Choosing between a founder or a cofounder - leija.io
  • @undefined- Sep 22

    Choosing between a founder or a cofounder

    TL;DR: I found a co-founder and finished my MVP on week 2 of building a business.

    Week 2 of Startup School has passed and plenty of interesting topics were being covered, such as:

    • Building a product
    • Tracking data analytics
    • How to find product market fit

    The one that stuck out the most to me was a topic on, finding a co-founder. Besides finishing my MVP, I put a lot of focus on seeking who would be a good fit to be a co-founder for Braum.

    Solo founder or co-founder

    Michael Seibel really emphasized on finding a team when building a startup aka having co-founders. But I asked myself, “do I really need a co-founder?” Before I give you the answer, let’s see what the media has to say about being a solo founder and what it really takes to be one.

    To be or not to be a solo founder

    When I hear about the success stories of being a solo founders, this is what I think:

    • Works extremely (much respect)
    • Does not have to share any equity (unless he got investors)
    • He gonna be rich as f*#&! when he/she gets an exit

    But thinking just that and not taking other peoples thoughts on being a solo founder is just silly, right?

    He couldn’t find love

    Paul Towers, founder of Task Pigeon, wrote an interesting article about why he opted into being a solo founder and why finding a co-founder is like marriage.

    “I don’t have anyone who I know well enough to jump into business with them for that period of time.” – Paul Towers

    In Paul’s prior experience about finding a co-founder, he tried recruiting one for a previous startup he worked on. With lady luck not on his side, Paul says, “I ended up wasting 6 to 9 months chasing this idea, with little progress to show for it (from their end).”

    Recruiting a co-founder for a project sounds like a bad idea, but it has worked for others like Drew Houston from Dropbox. Nonetheless, you should find someone that has worked with you in a project or two. Otherwise, good luck when you get to your first argument.

    The media says what?

    Two years ago, Tech Crunch posted an article about breaking the myths of being a solo founder. Well, I had to read this to see what this is all about. According to their inside sources, solo founders are more likely to raise more money and have a better exit.

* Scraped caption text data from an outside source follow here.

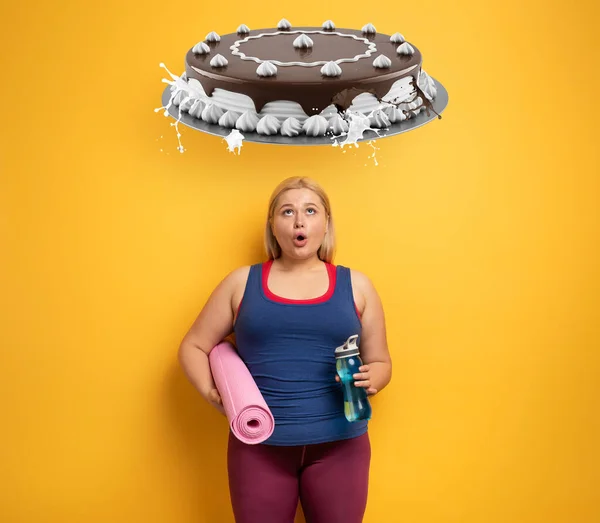 Gruba dziewczyna myśli, żeby jeść słodycze zamiast chodzić na siłownię. żółte tło — Zdjęcie stockowe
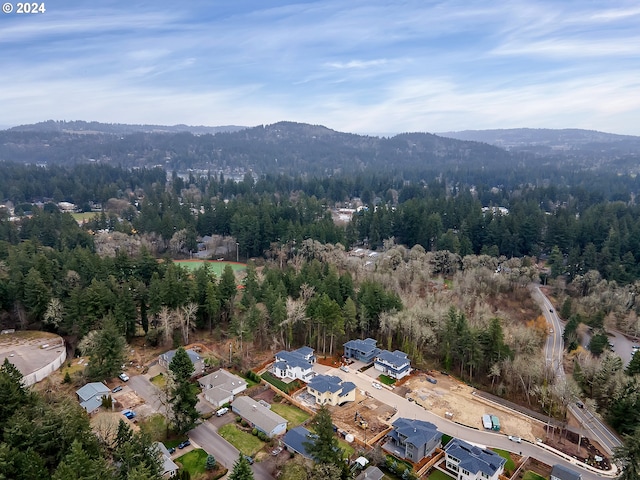 5010 Park Bluff Pl, Lake Oswego, OR 97035 - aerial view of property and surrounding area featuring a forest and a mountainous background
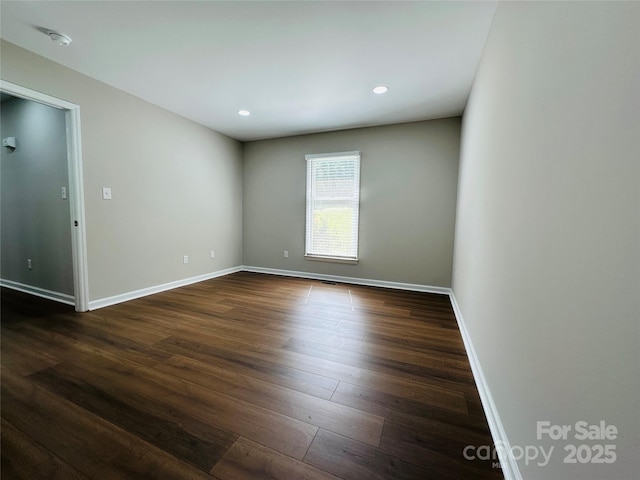 2443 1st Street Pl NW, Hickory, NC 28601 - unfurnished room featuring dark wood finished floors, recessed lighting, and a smoke detector
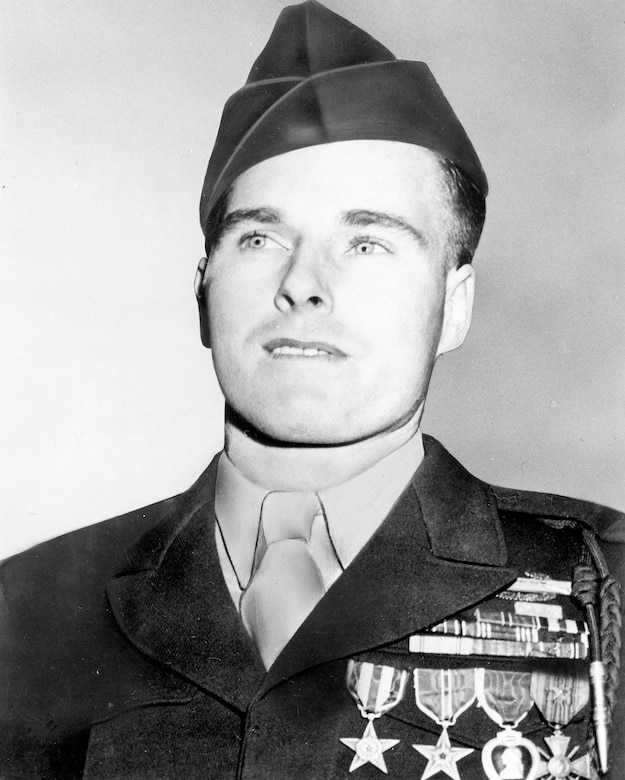 A man wearing several decorations on his lapel poses for a photo.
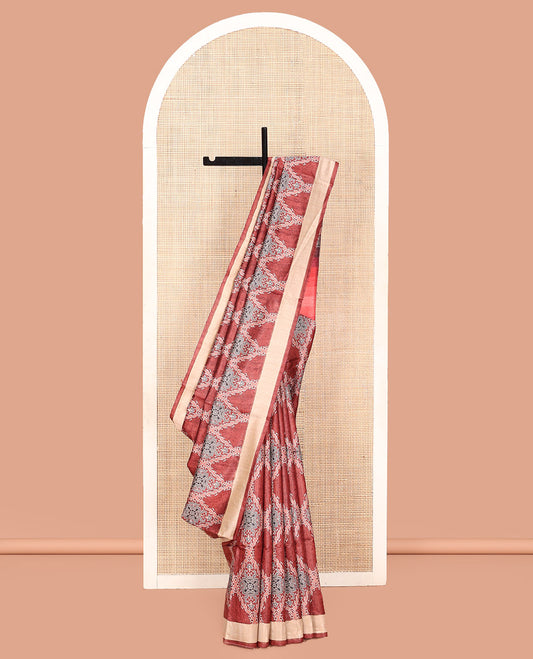 Terracotta Red Tussar Silk Saree, Boldly Accentuated with Ajrakh-Style Jaal Design on Its Body, a Subtle Border, Ombre-Style Striped Pallu, and Paired with a Contrast Blouse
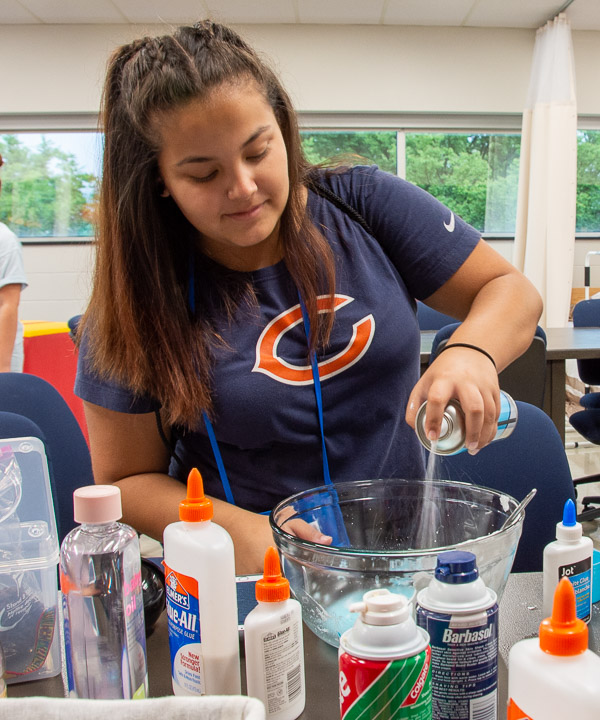 In the occupational therapy assistant Lab, a participant makes slime, which has a variety of therapeutic uses.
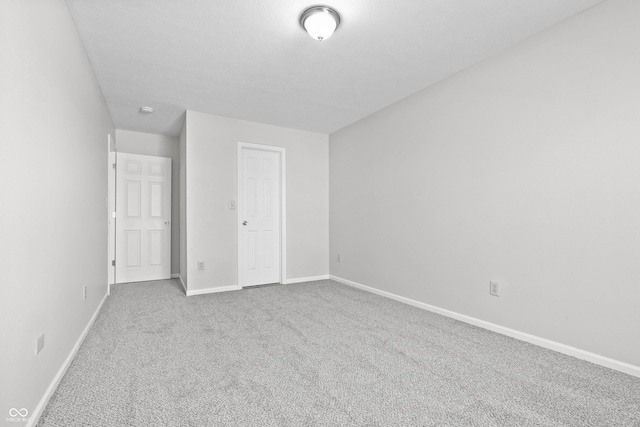 unfurnished bedroom with carpet floors and baseboards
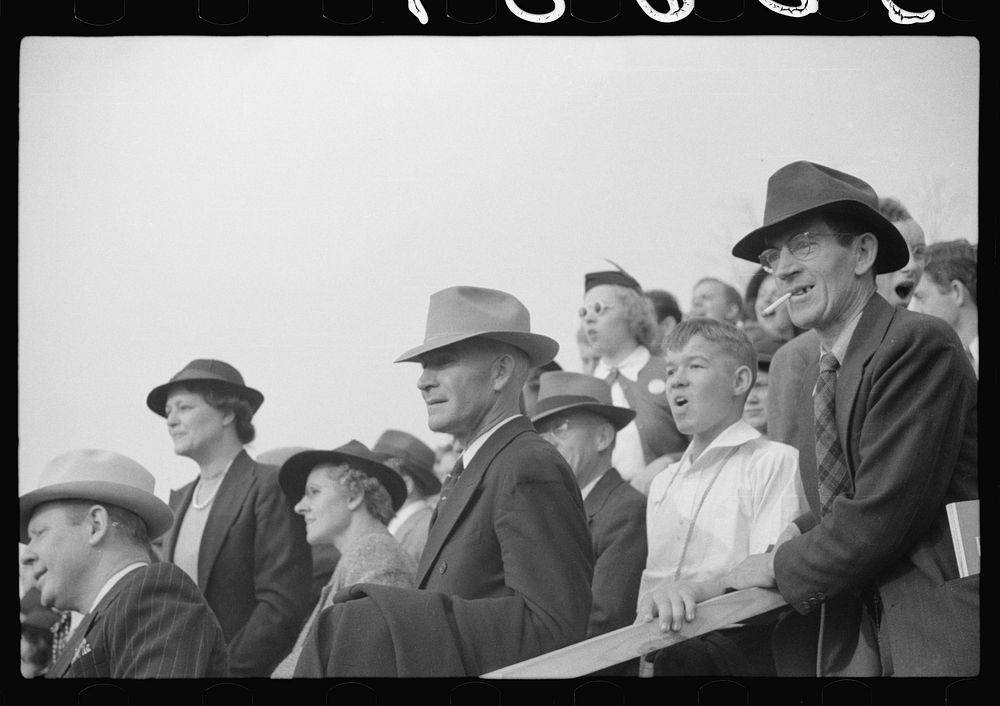 [Untitled photo, possibly related to: Spectators at the Duke University-North Carolina football game. Durham, North…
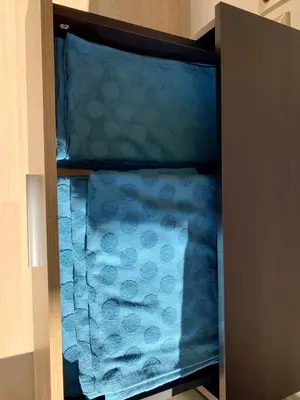 a cabinet filled with towels in a room at Premium Apartments Bansko in Bansko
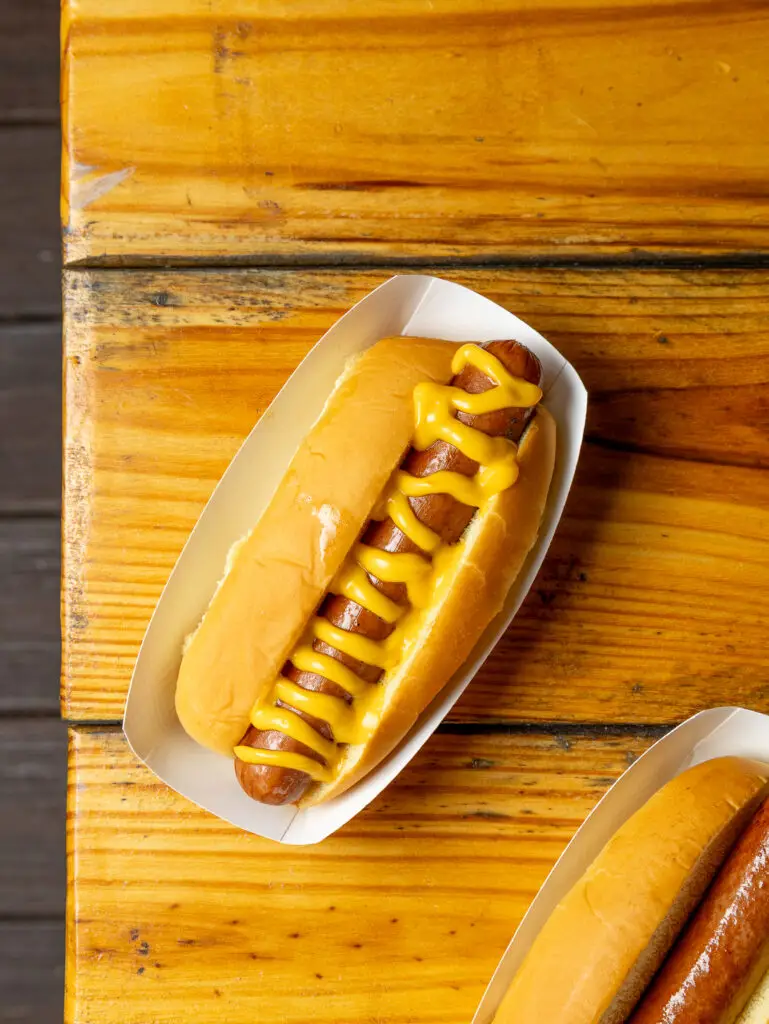 A close-up of a hot dog topped with mustard.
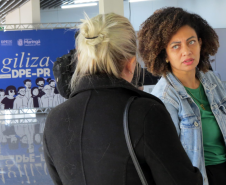 Imagem mostra servidora recepcionando uma assistida na entrada do Mutirão.  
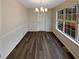 Bright dining room featuring a modern chandelier, dark floors, and ample natural light from a large window at 521 Country Lake Dr, Mcdonough, GA 30252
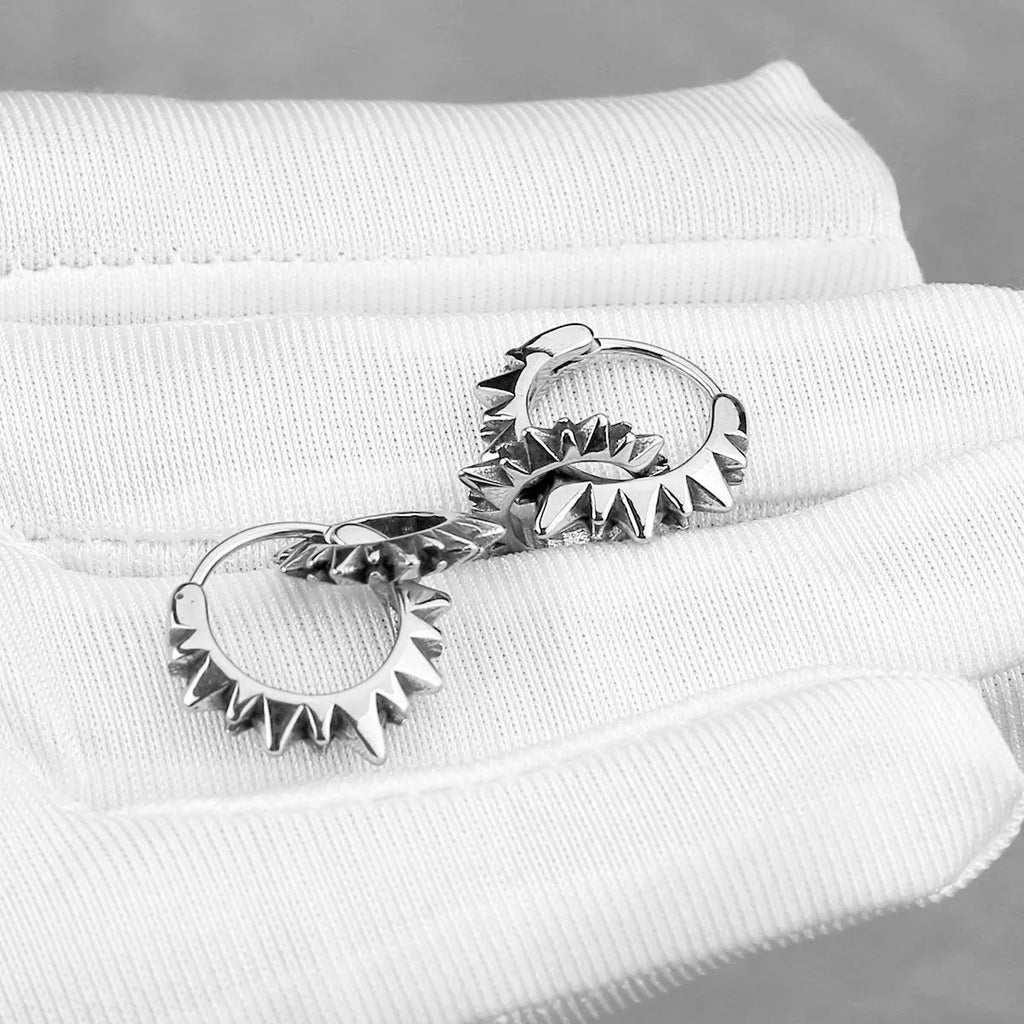Polished stainless steel retro hoop earrings with round ring design in steel colour.
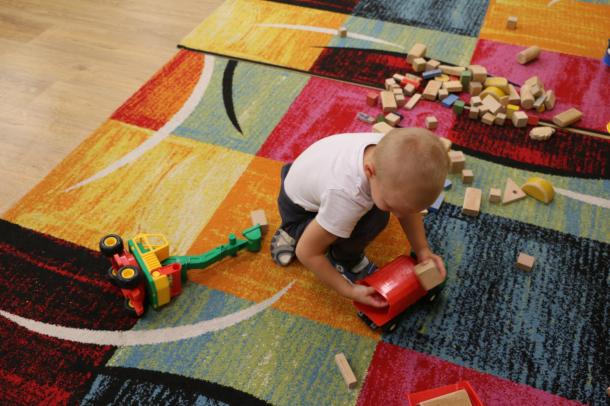 A kisfiú a szőnyegen fakockákkal játszik.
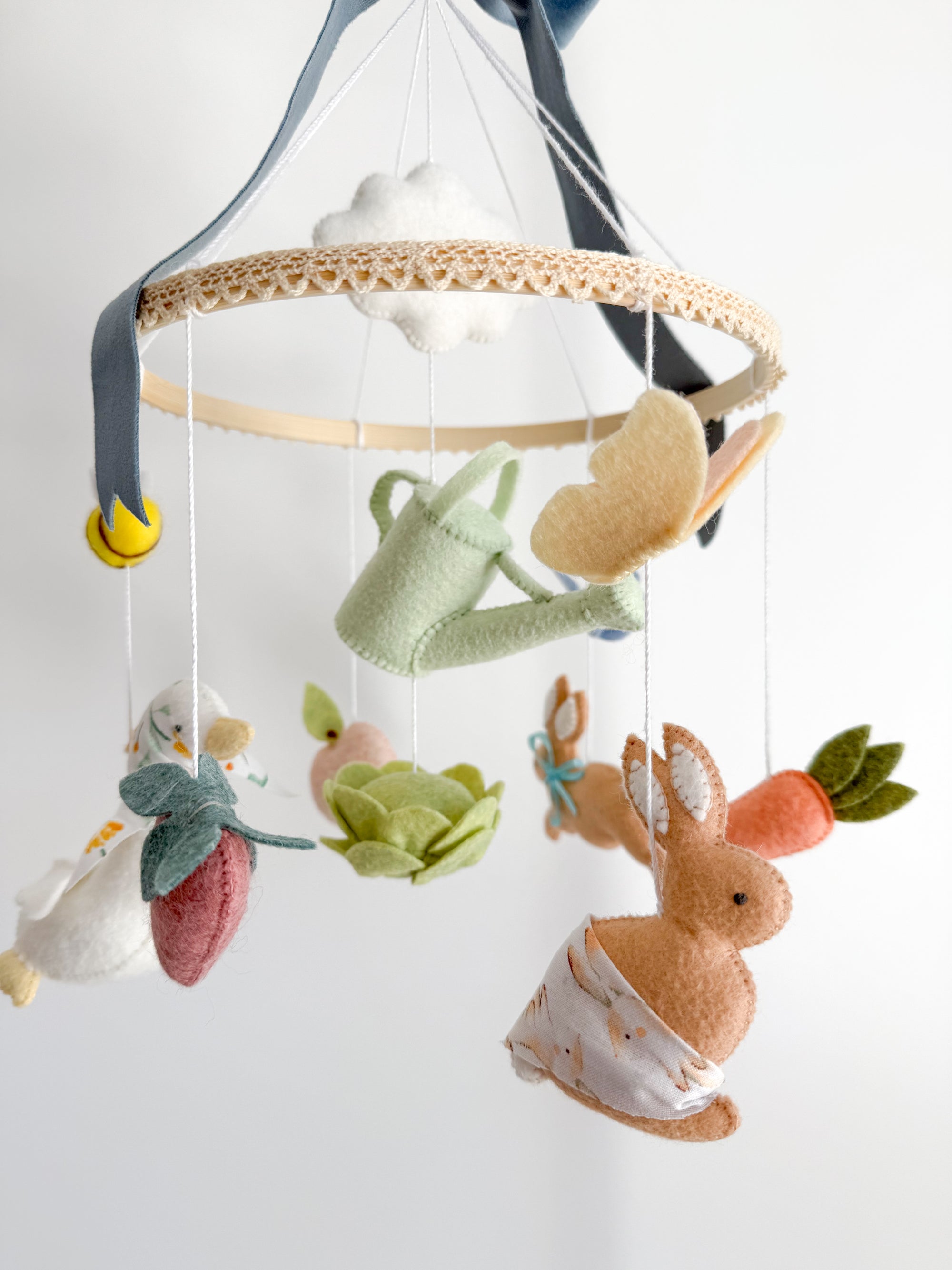 Garden rabbit mobile with blue bow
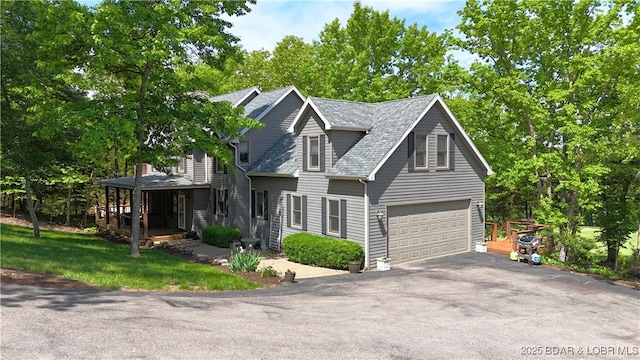 view of front of house featuring driveway, a garage, and a shingled roof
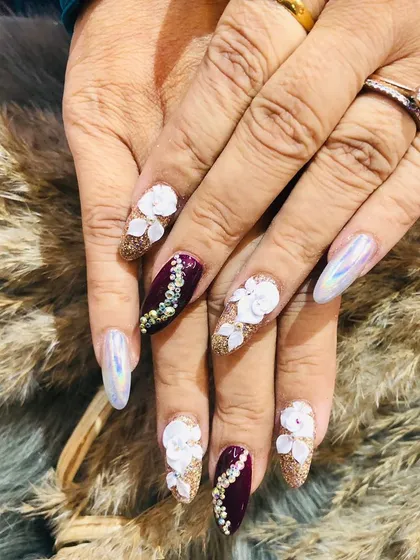 A truly glamorous festive set. These nails feature a mix of glitter, chrome, 3D floral designs, and intricate stone work in a rich maroon and gold palette.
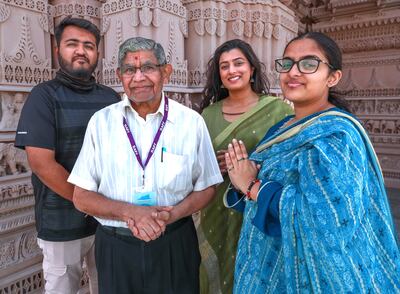 (Left to right) Suraj Parmar, Shashikant Depala, Priyanka Lodhia and Niyanta Patel are among worshippers helping to get Abu Dhabi's first Hindu temple ready to open in February.  Victor Besa / The National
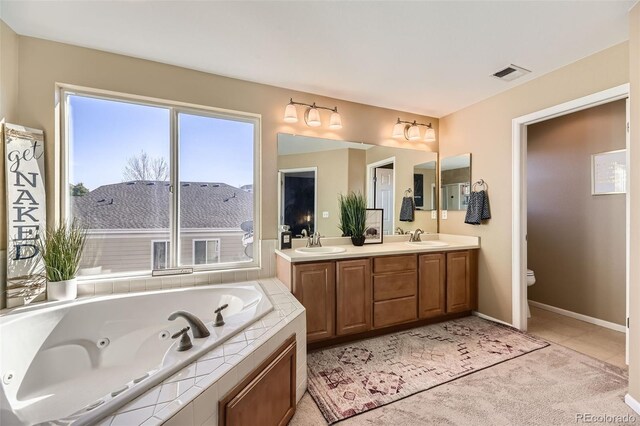 7378 Geode Ct, Castle Rock, CO 80108 - bathroom with a jetted tub, toilet, double vanity, baseboards, and tile patterned floors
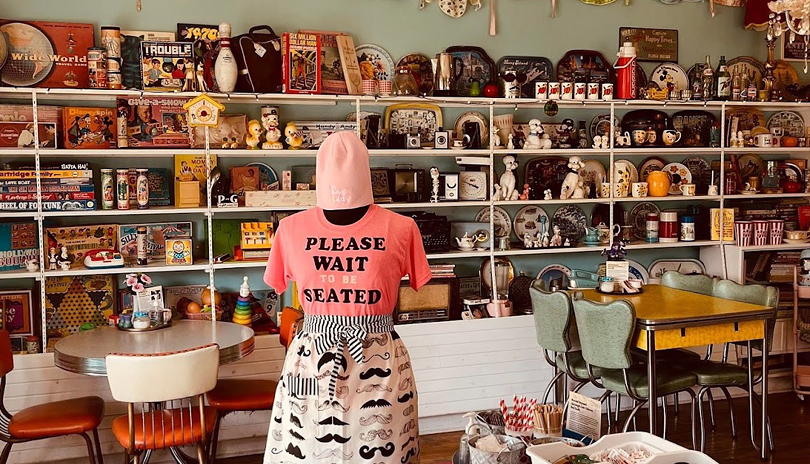 interior view of The Bag Lady's dining area with various vintage games and objects displayed on a wall, located in London, Ontario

    founders-in-startups-with-more-than-10m-raised

    Graph of whose likely to raise more money depending on number of startups. Graph from Tech Crunch

    Pigford thoughts

    Josh Pigford, founder of Baremetrics, did a small podcast on the topic and noted the pros and cons. And I honestly couldn’t agree more.

    Pros

    • Move faster
    • Less drama
    • Clearer direction

    Cons

    • Every move comes back to you
    • Difficult to brainstorm new ideas
    • Easy to make bad decisions
    • It’s just lonely

    I couldn’t agree more with his pros and cons list. It’s extremely nice to have to not have to delegate with others drama on why the button should be pink instead of watermelon color. You do move faster because you don’t have to argue. But are the pros really worth it for the cons?

    From my experience, everything I’ve tried to build on a solo path has sucked for me. Being ever a jack of all trades will slow you down at some point and it requires a lot of time complete all the important stuff in a business. And I can promise you that going on a solo founders path is a very lonely road. At some point of my career, it had me talking out loud to myself so it wouldn’t feel so lonely. Talk about crazy.

    What do the veterans have to say?

    Paul Graham, a startup coach expert, whose helped companies such as Stripe, Dropbox, and Airbnb says,

    “Businesses are more likely to succeed with more than one founder, because each co-founder may bring different strengths”

    Michael Seibel, founder of Socialcam and Justin.tv, highly recommends to have co-founders that are mostly technical. From his previous experiences, he likes having a lot of technical co-founders because it allowed his team to make fast changes to their software application.

    My decision

    In my current situation, being a solo founder is not practical. I currently depend on working a full time job to pay the bills and put food on the table. So this past week (week #2) I brought in a technical co-founder. Having two technical co-founders for Braum will allow me to get technical tasks that I can’t get done. Luckily my co-founder and I friends and the idea of a soccer app really intrigued him. I’ve also had the change to work with him in various projects, so we both know how to work well with each other.